Crítico penetrante, pero inseguro; psicólogo por balbuceo, despertador de almas por sugestión inquietante y enfermiza, José Soler i Miquel escribió de sus propias lecturas lo siguiente:
«Yo casi siempre leo distraído, siguiendo más bien la idea de lo que se me va formando de lo que leo que la lectura misma, y aunque a veces se graba una frase imborrable, generalmente, más que el dibujo neto y preciso de lo que leo, guardo una como impresión del sentido, como si me aferrara más a la intención inconsciente de lo expresado que a la misma expresión. Y aun cuando quiero coger concretamente, precisamente, la corriente del pensamiento expresado, la punzo en tres o cuatro de sus momentos de corriente más rápida, de trayectoria más reveladora, y omito el derramamiento o esparcimiento en que se adormece».

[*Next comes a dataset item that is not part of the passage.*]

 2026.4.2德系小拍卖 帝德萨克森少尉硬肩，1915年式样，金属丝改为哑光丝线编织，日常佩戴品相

… Ahora, he aquí algunos hechos de espíritu que están en relación honda con la suspi­cacia a favor de lo esencial que revela este método de lectura:
La teoría maragalliana de la palabra viva —las tentativas del modernismo religioso de vigorizar los que ha considerado dogmas vivos, a cambio del marchitamiento de los otros—; la obra erudita del cardenal Duchesne, para mondar la historia eclesiástica de los primeros siglos —los esfuerzos de nuestro Preocupado para encontrar en España una «vida real», ajena a las superfluidades de la política—; el hecho mismo de que yo, propugnador de los ideales del Novecientos, pero en el Ochocientos nacido, escriba artículos tan escasos y, en cambio, tantas nótulas de éstas que (con más dejo de folklore mallorquín que de alma madre boloñesa) he llamado glosas.

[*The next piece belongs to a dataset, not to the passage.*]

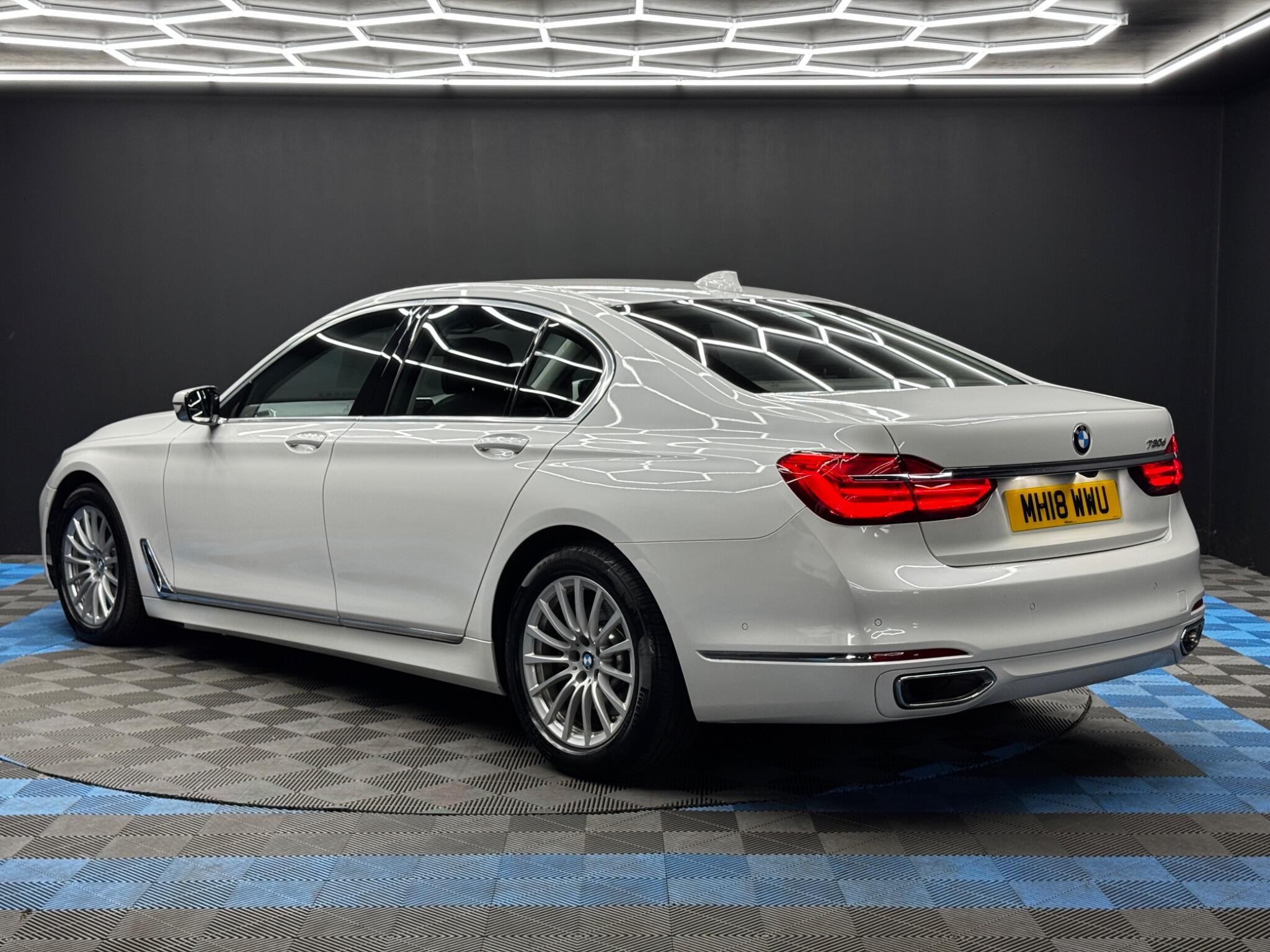 BMW 7 Series 3.0 730d Auto Euro 6 (s/s) 4dr 4dr Automatic 2026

La exégesis de los clásicos, según Azorín
En fin: una manifestación nueva y deliciosa de igual designio, una revelación de ese culto tan ardiente a la luz sin penumbra, de la pasión por lo vivo, neto y desnudo, de la voluntad siempre alerta a percibir, recoger y fijar los relámpagos de significación, las hallamos en el sistema de exégesis de los clásicos que ha inventado Azorín. También él punza el pensamiento del viejo autor que examina, en tres o cuatro de sus momentos de corriente más rápida, de trayectoria más reveladora. También él omite —sabe omitir, con un don de economía supremo— el derrame en que el pensamiento se adormece; mejor dicho, lo derrama de nuevo en un declive imprevisto, en el que más pronto le puede acercar a nuestra sensibilidad de hombres modernos, trabajada por las más sutiles experiencias y removida por las mejores culturas.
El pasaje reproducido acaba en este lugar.